INFORMATION:
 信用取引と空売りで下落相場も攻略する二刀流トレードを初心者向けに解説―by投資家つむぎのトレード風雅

...

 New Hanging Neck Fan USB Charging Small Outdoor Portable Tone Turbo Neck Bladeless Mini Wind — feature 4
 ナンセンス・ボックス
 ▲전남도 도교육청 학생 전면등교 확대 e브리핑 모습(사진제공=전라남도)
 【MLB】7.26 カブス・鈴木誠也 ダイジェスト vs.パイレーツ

TASK TO COMPLETE:
Above are the records; from them, give again exactly the lines from the one containing "New Hanging Neck" through the one containing "カブス・鈴木誠也 ダイジェスト vs.パイレーツ", both included.

RESPONSE TO THE EXERCISE:
 New Hanging Neck Fan USB Charging Small Outdoor Portable Tone Turbo Neck Bladeless Mini Wind — feature 4
 ナンセンス・ボックス
 ▲전남도 도교육청 학생 전면등교 확대 e브리핑 모습(사진제공=전라남도)
 【MLB】7.26 カブス・鈴木誠也 ダイジェスト vs.パイレーツ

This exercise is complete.